- **Dataset excerpt**:
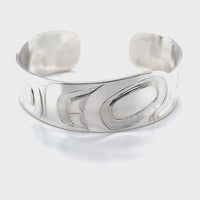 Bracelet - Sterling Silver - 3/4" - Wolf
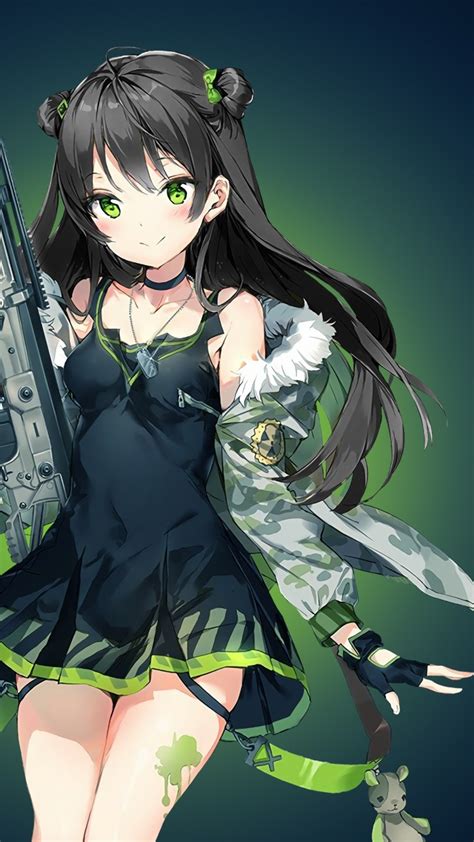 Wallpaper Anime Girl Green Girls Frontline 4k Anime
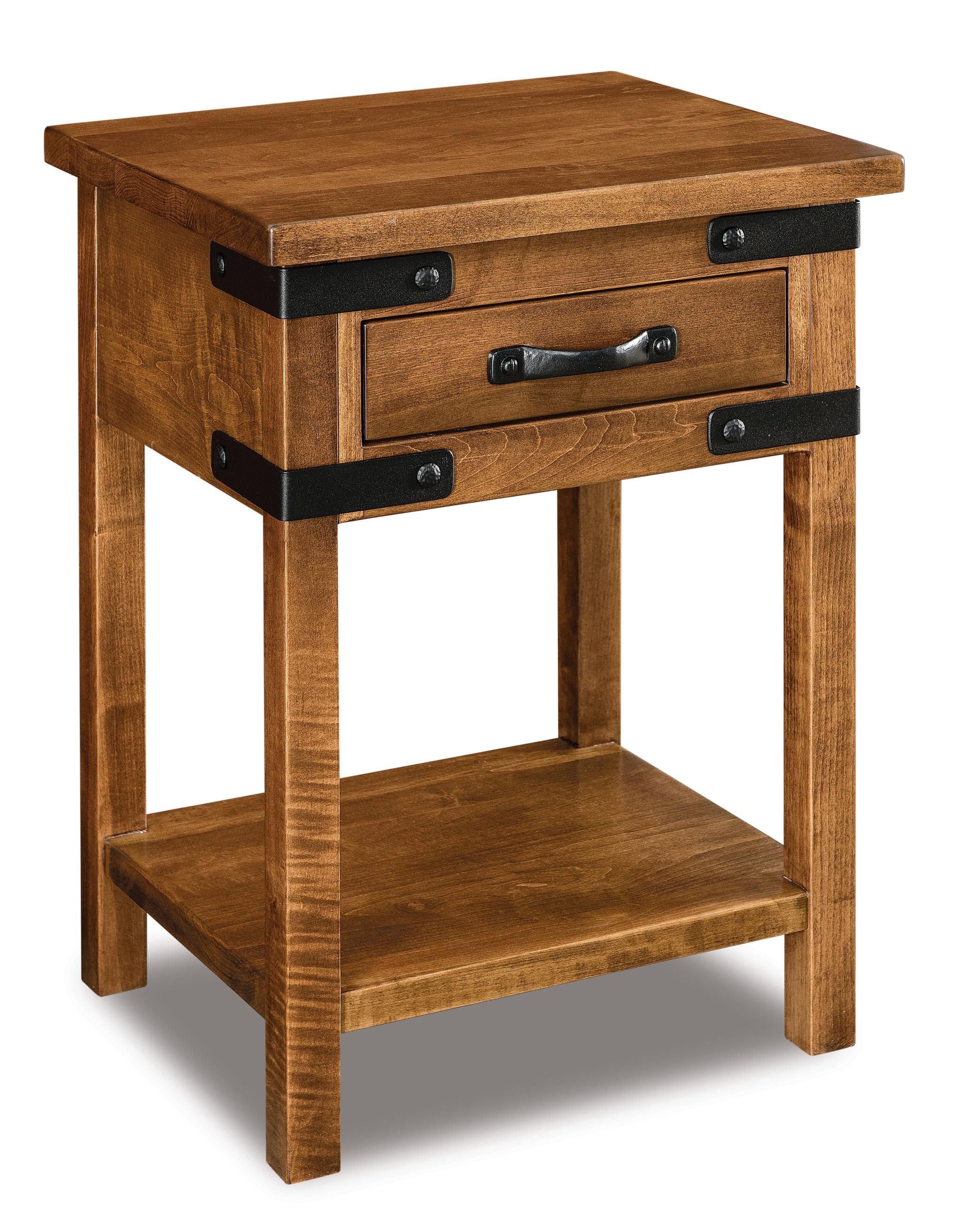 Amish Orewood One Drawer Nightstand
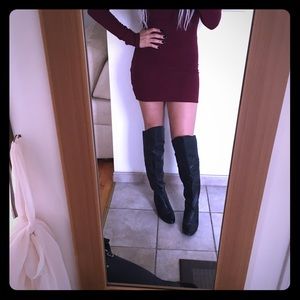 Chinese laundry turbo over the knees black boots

- **Goal of the exercise**:
Give the listing above again in its entirety and exactly; do not include the pictures.

- **Task response**:
 Bracelet - Sterling Silver - 3/4" - Wolf
 Wallpaper Anime Girl Green Girls Frontline 4k Anime
 Amish Orewood One Drawer Nightstand
 Chinese laundry turbo over the knees black boots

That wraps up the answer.